**TASK REQUIREMENTS**
All of the listing must be given again exactly, except that the images are dropped.
───── DATA
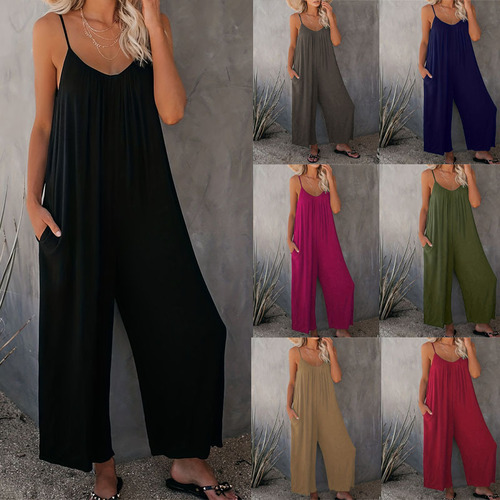Plus-size women's fashion casual stylish pure color spaghetti strap jumpsuit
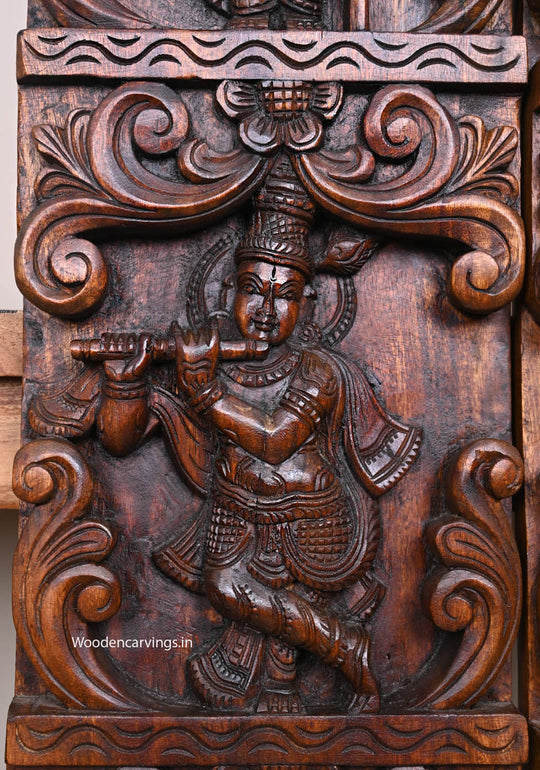 Vertical Maha Vishnu Ten Powerful Avatars Detaily Carved Wooden Entrance Decoration Paired Wax Brown Wall Panel 66"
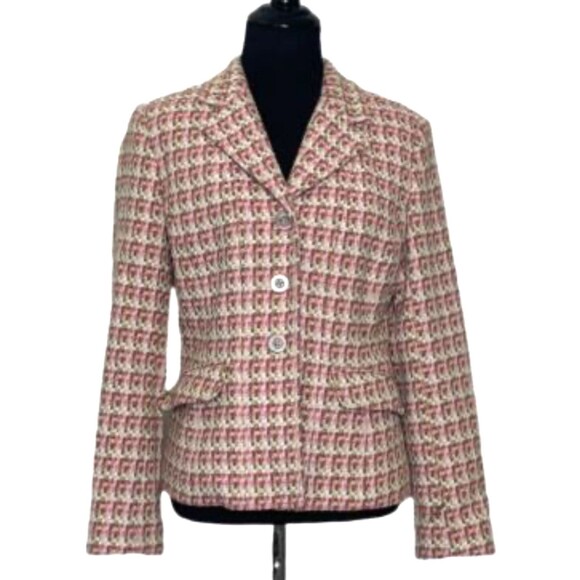 Talbots Women Blazer Tweed Wool Blend Sz 18 Pink 3 Button Career Academia 1132H2 - Picture 1 of 11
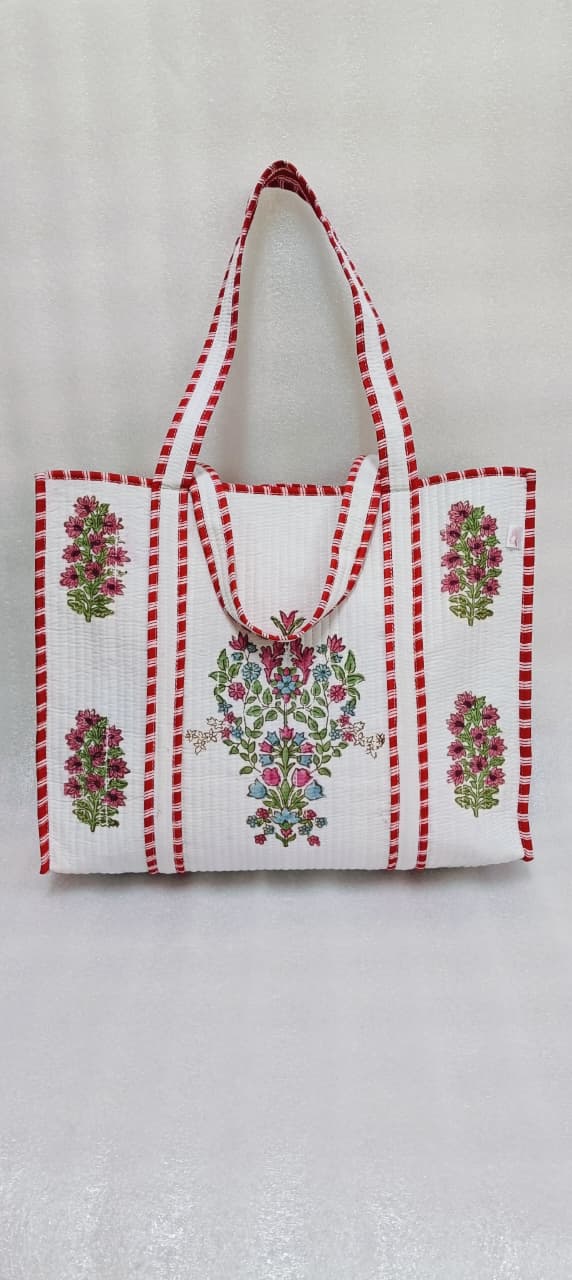 Classic White Block Printed Quilted Tote Bag without zip/button 17x18x 6 inches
──────────
**ANSWER TO THE PROBLEM**
Plus-size women's fashion casual stylish pure color spaghetti strap jumpsuit
 Vertical Maha Vishnu Ten Powerful Avatars Detaily Carved Wooden Entrance Decoration Paired Wax Brown Wall Panel 66"
 Talbots Women Blazer Tweed Wool Blend Sz 18 Pink 3 Button Career Academia 1132H2 - Picture 1 of 11
 Classic White Block Printed Quilted Tote Bag without zip/button 17x18x 6 inches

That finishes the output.